With the sports section of the StarTribune filled with hunting stories these days I was reminded of my favorite police report from the annual reports of the Minneapolis park board.

This moose was shot nowhere near Minneapolis to my knowledge. It’s one of many hunting photos from the Minnesota Historical Society  collection from the time period.

C. S. Barnard, Sergeant in Command, included these comments in the annual report of 1913:

“The football and hunting season necessitates the special service of five officers most of the time, namely two at Glenwood Park and one at Lake Nokomis to watch hunters, one officer during football season at North Commons and one at Longfellow Field…We have 30 guns in storage which have been taken from hunters shooting on park property and have returned as many more to the owners.”

Those five additional officers were significant in a day when the full-time park police force was only 17 men.

His comments on another aspect of his work is noteworthy given recent tribulations over “off-leash recreation areas” in Minneapolis parks.

“We have picked up and sent to the dog shelter 44 dogs which have been running at large in our most important parks.”

Barnard also categorizes all 309 arrests made during the year by park police.
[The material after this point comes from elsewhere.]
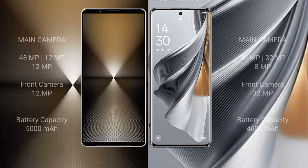The Sony Xperia 1 Mark VI features a triple rear camera setup: 48 megapixel plus 12 megapixel plus 12 megapixel, with a 12 megapixel front camera. The Oppo Reno 10 Pro also features a triple rear camera setup: 50 megapixel plus 32 megapixel plus 8 megapixel, with a 32 megapixel front camera.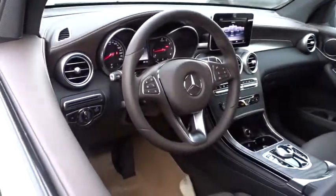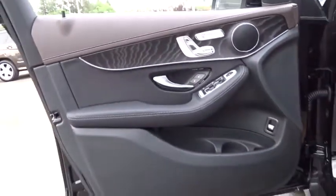Keyless entry, leather-wrapped steering wheel, Bluetooth, adjustable steering wheel, power steering, aluminum wheels, four-wheel disc brakes, keyless start, cruise control, floor mats.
Approximately half were for either intoxication or driving commercial vehicles on parkways. Only three arrests were made for “hitching horses to shade trees.”

Two arrests were made of people “found in parks after 12 midnight.” Parks closed at midnight in those days. That caused a bit of a problem at Lake Harriet, as Barnard wrote:

“The red light on the boat house, installed this year, has been a great help in getting canoeists off the lake by 11:30 p.m., but owing to the large number who stay out past that time, I would suggest that the hour be changed to 11 o’clock in order to enable the parks to be cleared by 12 o’clock.”

A final note on canoes: Eight canoes were stolen from park property in 1913, but Barnard notes with pride “all of which have been recovered except one.”